Direct questions to Stefano Iantorno ([email protected], si3@github)
This integrated pipeline aims to call CNVs from whole-exome sequencing (WES) data with three different read-depth based tools (CLAMMS, XHMM, CANOES) and is designed to consolidate commonalities while minimizing redundancy at each step of the workflow. The rationale behind integrating three different tools stems from the fact that each tool has specific strengths and weaknesses, and relies on different approaches to modeling read depth variation, GC, and sequence complexity. We provide a blueprint of a typical workflow that is customizable with minimal modification of shell scripts. More information on each tool is available from the respective websites.

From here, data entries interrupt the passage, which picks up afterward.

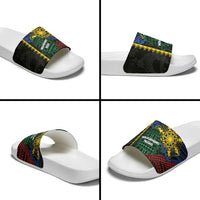 Philippines Christmas Slide Sandals Xmas Tree Filipino Tribal Patterns - Polynesian Pride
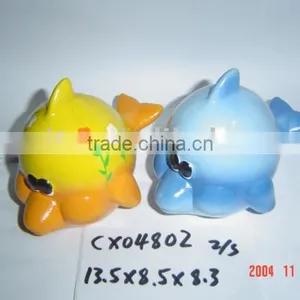 Fish Design Coin Bank-terracotta Painting thumbnail-1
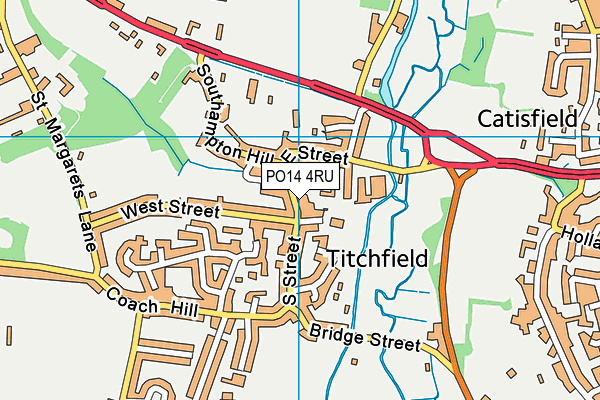 PO14 4RU map - OS VectorMap District (Ordnance Survey) PO14 4RU map - OS VectorMap District (Ordnance Survey)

To install, type the following while in your destination path:
git clone [email protected]:si3/shenlab-cnvs.git
Then rename the directory to a specific project name:
mv shenlab-cnvs <name of project>
This can be done to start a new project. The pipeline is designed to run on SGE HPC (biocluster). It uses a combination of GNU parallel and qsub to parallelize processes, and therefore needs to be started on a head node. The pipeline requires GNU parallel, XHMM, CLAMMS, mosdepth, and bedtools to be installed and in path. For some of the preparatory and analysis steps, PICARD and PLINK/PSEQ are also required. These are not part of the pipeline but they are only needed to create the windows file from the capture kit regions. The Run_ref_prepper.sh
script performs these preparatory steps, but they can also be run manually. Please refer to individual scripts for requirements of each step.

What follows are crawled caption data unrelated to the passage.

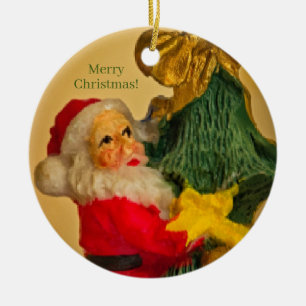 Personalised Santa Claus on Christmas Tree Vintage Ceramic Ornament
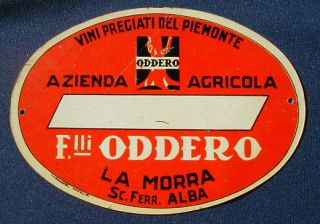 1960s Italy Advertising Sign Tin Wine Oddero La Morra
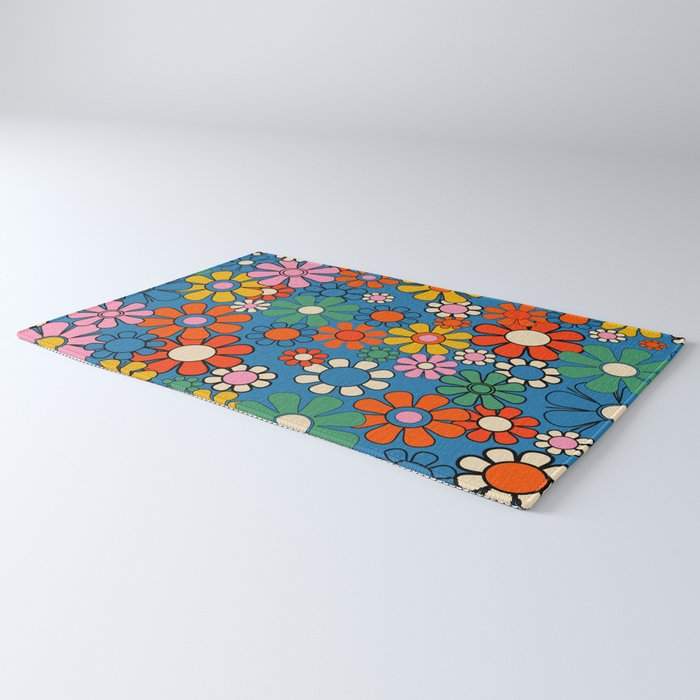 Groovy Floral Retro Garden Bold and Colorful 60s 70s Flower Pattern with Blue Rug Gallery Image 3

The general directory structure is as follows:
-
/PROJ_DIR
- Run_pipeline_initiator.sh
- Run_RD_calculator.sh
- Run_RD_calculator_2.sh
- Run_RD_reformatters.sh
- cnv.exome.lib.sh
- cnv.exome.references.sh
-
/COV_DIR
- Run_bedtools_to_CANOES.sh
- Run_mosdepth_to_XHMM.sh
- Run_CLAMMS_normalizer.sh
- Run_CLAMMS_model_fitter.sh
-
/CANOES_OUT
- Run_CANOES.sh
-
/CLAMMS_OUT
- Run_CLAMMS.sh
-
/XHMM_OUT
- Run_XHMM.sh
- Run_XHMM_reformatter.sh
The file cnv.exome.references.sh contains all the variables called by the different scripts. Two more directories, /RES_DIR and /SAMPLE_INFO_DIR, need to be created by user in /PROJ_DIR, and the reference shell script cnv.exome.references.sh
needs to be updated with the correct path for various reference files to be loaded correctly in the pipeline. The file cnv.exome.lib.sh
contains functions used by several steps of the pipeline.

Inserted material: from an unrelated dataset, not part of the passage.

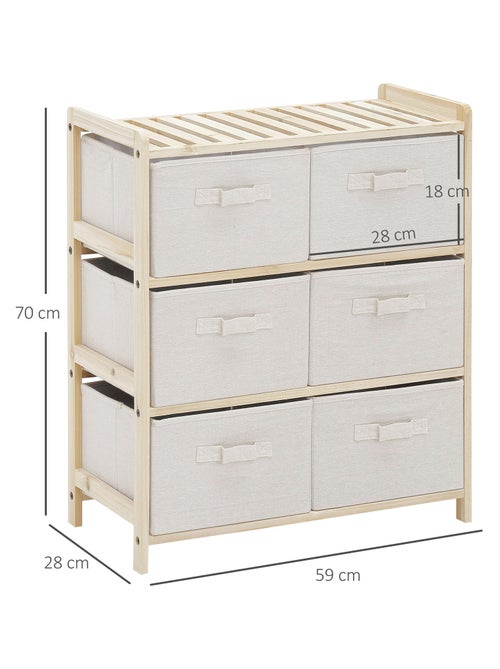 Commode 6 tiroirs tissu polyester beige bois sapin - Kiabi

The workflow is organized in ordered steps to ensure that the results are internally consistent and that calls can be compared across methods. The pipeline relies on a windows.bed file as the interval file used to estimate read depth in exon capture regions. These “windows” will be based on the capture kit intervals used for each batch of samples, but won’t have the same coordinates. Specifically, large exons will be broken down into ~500bp segments. Please refer to CLAMMS github page for more information. The initial steps of the XHMM workflow are modified to eliminate unnecessary extra steps. The pipeline uses the windows.bed file instead of a interval_list file as input. The pipeline uses the KNN option to build models for CNV detection in the CLAMMS algorithm. Please ensure that these unsorted files (e.g. 50nns files named in "sampleID.50nns.txt" format) have been generated and are in the appropriate directory in /CLAMMS_OUT.
First you need to configure each reference shell script with the path to the correct interval files, samples, and sample information files, as well as any other parameters specific to CLAMMS and XHMM workflow for your pipeline run. For each batch of bam files with the same intervals (i.e. generated with same capture kit) you can run the following using the same reference shell script. Multiple cnv.exome.references.sh
can be created if you plan on running multiple pipelines at the same time for different batches of samples.
bash Run_pipeline_initiator.sh -i path/to/bam_list -r path/to/cnv.exome.references.sh -P
The -P flag will call all subsequent steps of the pipeline. If you would like to do each step manually, omit the -P flag and follow the instructions below. Briefly, the flow is structured as follows:
- Run_pipeline_initiator.sh -> calls Run_RD_calculator.sh and Run_RD_calculator_2.sh
- Run_RD_reformatter.sh -> calls Run_bedtools_to_CANOES.sh and Run_mosdepth_to_XHMM.sh
- Run_CLAMMS.sh -> calls Run_CLAMMS_normalizer.sh and Run_CLAMMS_model_fitter.sh
- Run_XHMM.sh -> calls CLAMMS specific scripts
- Run_CANOES.sh -> calls CANOES.R
At any point, you can type the following to get more information on each script:
bash <script> -H
The relevant usage information will be printed to screen. NOTE: the CANOES workflow is still pending.